Courts do not interpret statutes which are clear and unambiguous on their face. Superior Construction Co. v. Carr (1990), Ind., 564 N.E.2d 281, 284. A statute which is clear and unambiguous must be given its apparent or obvious meaning. Eads v. J & J Sales Corp. (1971), 257 Ind. 485, 492, 275 N.E.2d 802, 806. These well-known rules of statutory construction do not support the conclusion of the Court of Appeals either in Walker or here. We are bound to construe and apply this statute in accordance with its plain meaning. Clearly, the statutes contain different standards: In paternity actions, Ind. Code § 31-6-6.1-11(a) provides that the best interests of the child is the sole consideration; in dissolution actions, Ind. Code § 31-1-11.5-22(d) provides that a change in circumstances must be shown. The majority opinion of the Court of Appeals holds, however, that application of the statute according to its plain meaning may give rise to "serious constitutional problems." 573 N.E.2d at 443. Neither party presented any cogent argument on this issue and, therefore, we need not decide this question. We agree with Judge Staton's dissent, and do not perceive any constitutional problem with the statute as it is applied to the facts of this case. Under these circumstances, we are constrained to apply the statute as enacted by the Legislature.

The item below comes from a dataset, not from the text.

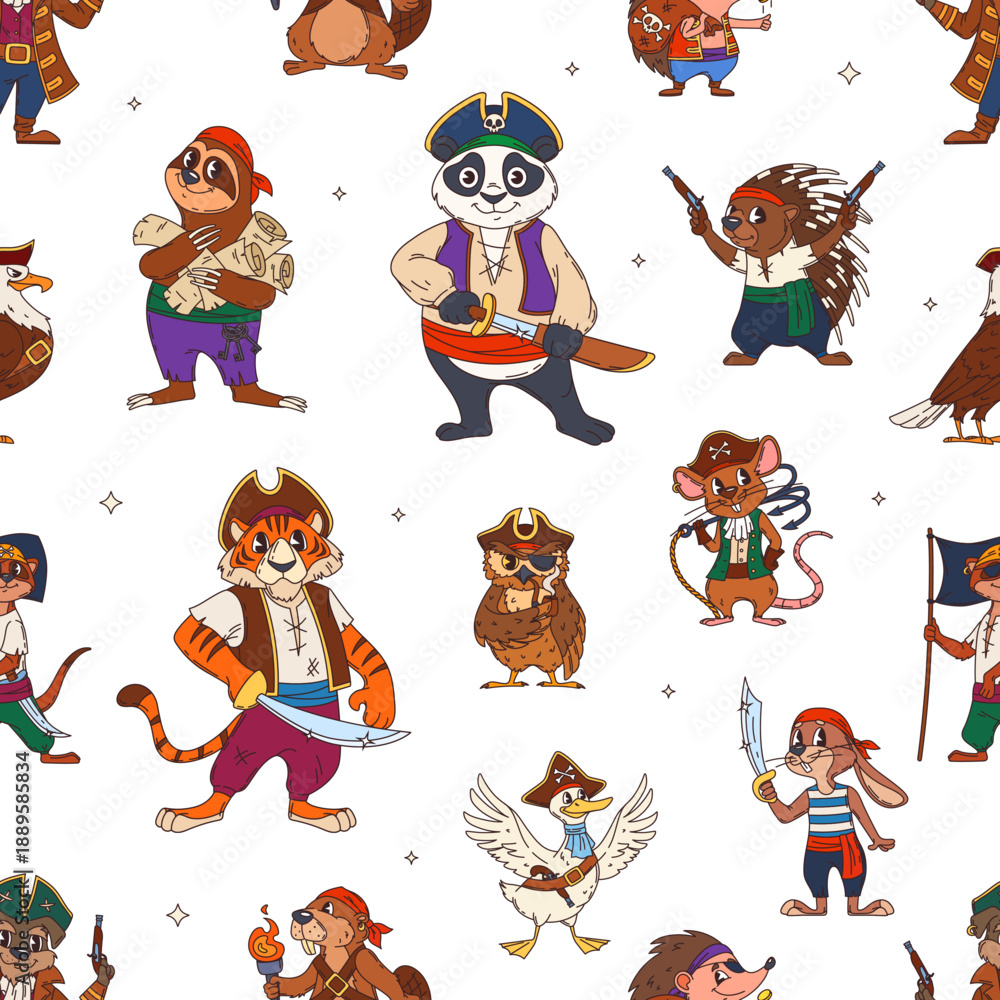 Fototapeta premium Cartoon funny animal pirate crew characters seamless pattern with porcupine, sloth with treasure maps, owl with smoking pipe, seagull, tiger and bunny with sword, hedgehog and mouse personages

Accordingly, we hold that on matters relating to change of custody in paternity actions, the standard to be applied is whether the modification would serve the best interests of the child.

Application of Standard to This Case

Our review of the trial court's judgment is limited to determining whether there is a clear abuse of discretion demonstrated by the record. Marshall v. Reeves (1974), 262 Ind. 107, 112, 311 N.E.2d 807, 810, (supplemental opinion on unrelated issue) (1974) 262 Ind. 403, 316 N.E.2d 828. We do not weigh the evidence or judge the credibility of witnesses. Brickley v. Brickley (1965), 247 Ind. 201, 204, 210 N.E.2d 850, 852. We are required "only to determine if the record discloses evidence or reasonable inferences which would serve as a rational basis for the finding of the trial court." Id., 262 Ind. at 113, 311 N.E.2d at 811. If there is any evidence or legitimate inference to be drawn therefrom to support the finding and judgment of the trial court, this Court will not intercede or interfere and exercise or use its judgment as a substitute for that of the trial court. Mikels v. Mikels (1967), 248 Ind. 585, 586, 228 N.E.2d 20, 21. This is so even if the evidence may have supported a conclusion other than the one reached by the trial court. Marshall v. Reeves, 262 Ind. at 116, 311 N.E.2d at 813.

Based upon our review of the record, we find substantial probative evidence to support the modification order.

*117 Conclusion

Accordingly, we now grant transfer, vacate the opinion of the Court of Appeals, and affirm the trial court.

SHEPARD, C.J., and GIVAN and DICKSON, JJ., concur.

DeBRULER, J., dissents, without separate opinion.


[1] The relevant statute pertaining to changes of custody in paternity actions is found in Ind. Code § 31-6-6.1-11(e), which provides: "The court may modify an order determining custody rights whenever modification would serve the best interests of the child." By contrast, the statute pertaining to changes of custody in dissolution actions is found in Ind. Code § 31-1-11.5-22(d), and provides: "The court in determining said child custody, shall make a modification thereof only upon a showing of changed circumstances so substantial and continuing as to make the existing custody order unreasonable."